TASK BRIEF
A word-for-word retyping of the listing below is required, with the pictures dropped.

DATA
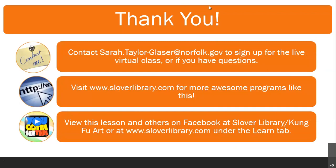Thank you, and you guys have a wonderful day. Bye!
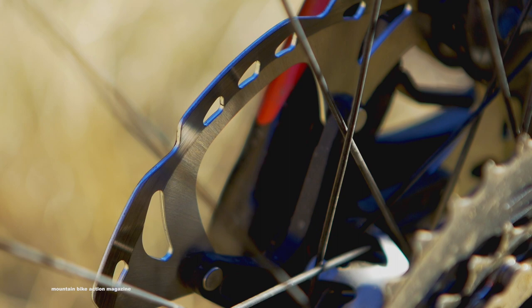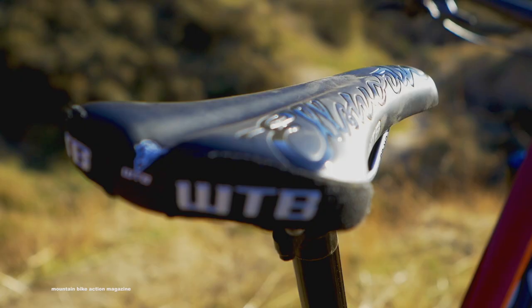To see more information about the Ellsworth Evolution, head to the April issue of Mountain Bike Action. And for all the latest on bike tests, news, and reviews, head to mbaction.com.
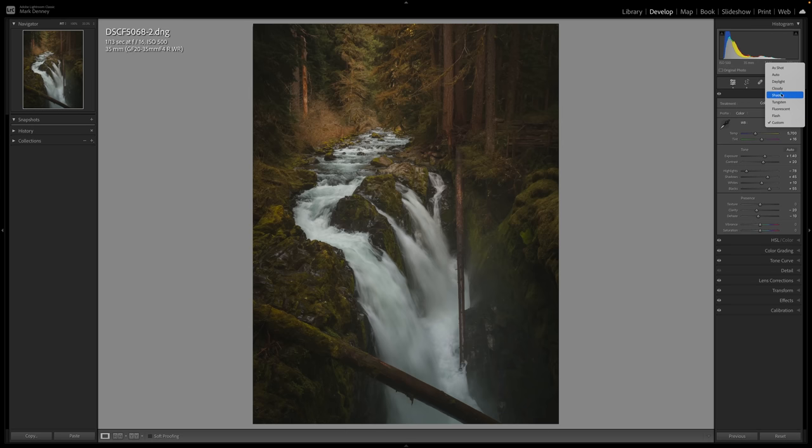Another very popular approach is to drop this down and select auto. That usually does a pretty good job, but in my experience Lightroom often makes the scene a little bit too warm. I think auto is good as a jumping-off point or a leading indicator as to which direction the white balance should go, but it's definitely another popular approach.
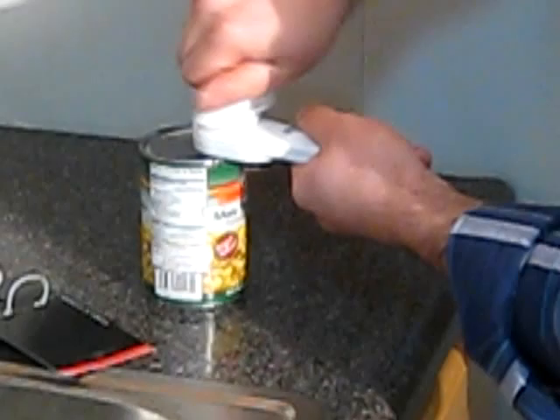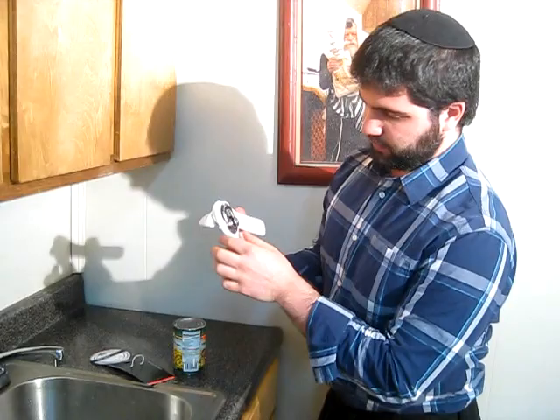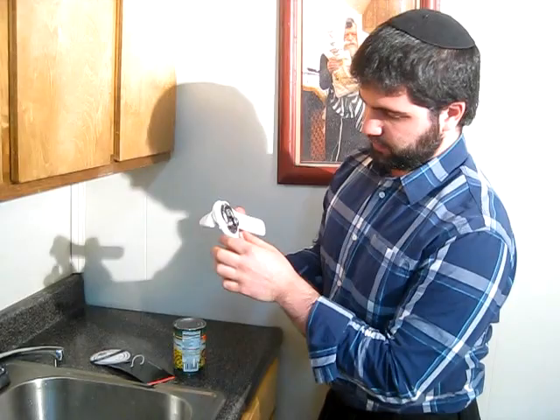So here you just click it on, it clicks to the side of the can, and then you just turn. Just do a full turn around, and then we have on the side there something you can pull up the side of the can, and there you go.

EXERCISE RESULT
Thank you, and you guys have a wonderful day. Bye!
To see more information about the Ellsworth Evolution, head to the April issue of Mountain Bike Action. And for all the latest on bike tests, news, and reviews, head to mbaction.com.
Another very popular approach is to drop this down and select auto. That usually does a pretty good job, but in my experience Lightroom often makes the scene a little bit too warm. I think auto is good as a jumping-off point or a leading indicator as to which direction the white balance should go, but it's definitely another popular approach.
So here you just click it on, it clicks to the side of the can, and then you just turn. Just do a full turn around, and then we have on the side there something you can pull up the side of the can, and there you go.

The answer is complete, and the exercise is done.